Chickens will kill each other for access to live food.

A mother hen with a large brood, finding too many eggs have hatched, will start thinning the brood by pecking the heads of the unwanted ones until they die.

So, are chickens smart?

Dogs are reckoned to be smart, but if born into a caged life and fed only cereal they will probably turn out to be dumb dogs.

Its pretty sad that guilt should be associated with the pleasures of food and eating. That any kind of intelligent life should be sacrificed for some sensation on the tongue...
Tofu, anyone?

O.k., I understand. It is o.k. to eat animals when they are silly, e.g. are not in the mood to fulfill the human-made tests of human-like intelligence. Mmh.

Isn't asking about eating octopuses similar to asking about eating primates?

Doesn't it depend on the particular species?

Pigs are smart. Really smart. They beat out dogs and any other domesticated animal in just about any test of cognitive abilities. The only reason pigs are rare as experimental subjects is the practical difficulties related to their size. If intelligence is a criteria then pork - not octopus, not whale, not horse, not dolphin - should be the last thing you'd eat.

I have issues with eating anything smarter than a mussel, which is just myself being pedantic and waaaaaay overly cautious. But better that than to eat a pig, I figure.

By Matty Smith (not verified) on 06 Apr 2008 #permalink

i have similar qualms with the way much of neuroscience research has been conducted. nearly every facet of brain function was discovered by maiming monkeys-- who have the intelligence of a human child. unfortunately, i rely on the data collected (and still being collected) by this method every day. it is difficult for me to reconcile the fact that i believe the research needs to be done with my disgust at imprisoning and permanently harming such intelligent creatures. if i say that it needs to be done, but i don't want to be the one to do it-- does that make me mentally weak or morally weak?

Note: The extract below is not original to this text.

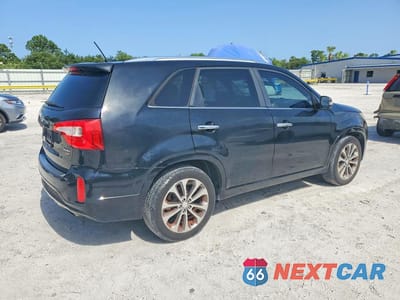 Trzecie zdjęcie samochodu z tyłu: 2014 KIA SORENTO SX VIN:5XYKW4A73EG517966 - miniatura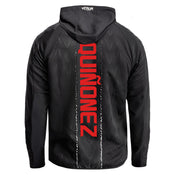 Cristian Quiñonez Signed 1-of-1 Fight Worn Hoodie UFC Fight Night: Moreno vs Kavanagh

By jeff nelson (not verified) on 07 Apr 2008 #permalink

Why should intelligence make any more difference in what we eat than the perceived moral behavior of the animal? If those tasy tentacles were strangling their own young, would their intelligence still be a cause for guilt? The emotional capacity of animals makes a stronger case for sparing them than does any "tool use" or puzzle solving or whatever measures are used to deduce "intelligence."

Elephants, while not typically eaten, have had a lot of press lately--and much of it has helped draw sympathetic attention to their plight. But why do we care about elephants? It's not simply their bare intelligence. It's their moral behavior--or perhaps their emotional intelligence--that draws us. They remember old friends and mourn over the bones of their dead. This is more compelling than "using tools."

I'm sure if the roles were reversed the octopus would eat you; Pigs are also domesticated from wild pigs, not an animal that you"d like to meet face to face in the woods unless you were armed

By John Hutchins (not verified) on 23 Apr 2008 #permalink

I caught an octopus yesterday and felt guilty about eating it - yet I am in Spain and the Spanish love octopus and would not have second thoughts about eating any kind of seafood. But I see an intelligence in an animal and start to feel guilty! What's the difference between catching your food and buying it in the supermarket?! Does the distance between yourself and the actual killing help? Well I chastised myself and said to myself that I would happily buy the octopus in a shop or order it in a restaurant and yet I would also have happily let the octopus go back to playing with shells on the seabed. "Get over it!" I said and had octopus for my supper but I still feel bad about it!! Modern day food shopping has changed the way that we view what and how we eat - maybe that needs to change?!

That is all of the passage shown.